**DATASET SECTION:**
----

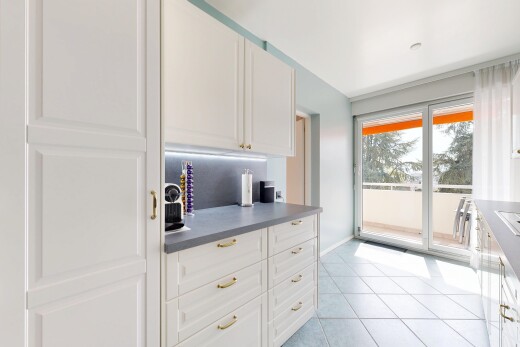 cuisine avec light floor, armoires blanches, white cabinets, plans de travail, et dark countertops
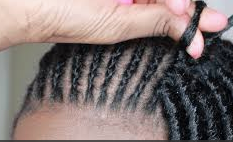 Image of someone adding dreadlock extensions using the crochet method.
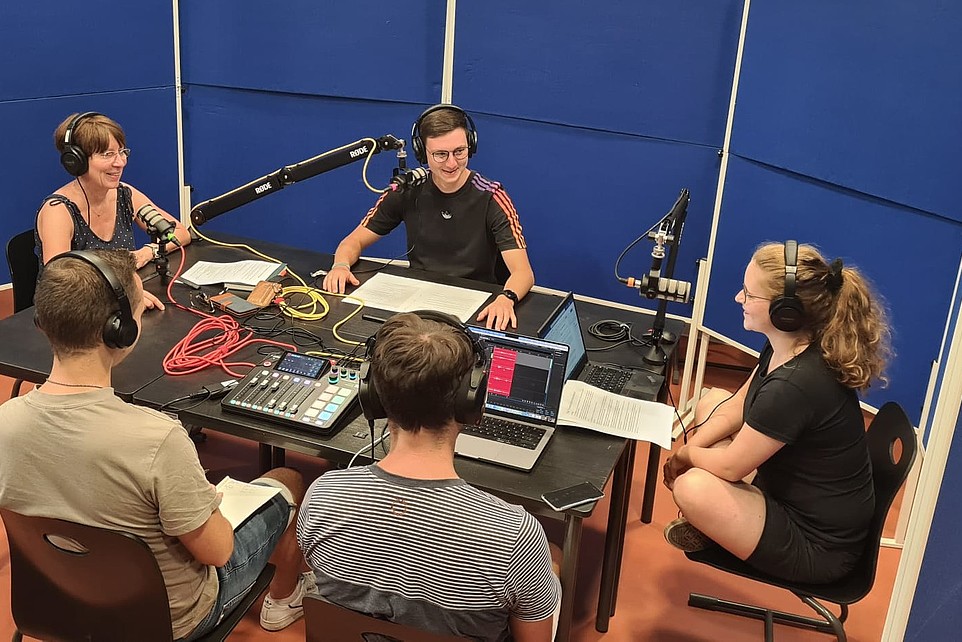 Podcastteilnehmende sitzen am Tisch umgeben von Schallwänden. Das Aufnahmeequipment steht auf dem Tisch.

----

**TASK INSTRUCTIONS:** Nothing but the lines from the line with "Image of someone" through the end of the listing should appear in the answer, each duplicated exactly, without pictures.

**YOUR RESPONSE:**
 Image of someone adding dreadlock extensions using the crochet method.
 Podcastteilnehmende sitzen am Tisch umgeben von Schallwänden. Das Aufnahmeequipment steht auf dem Tisch.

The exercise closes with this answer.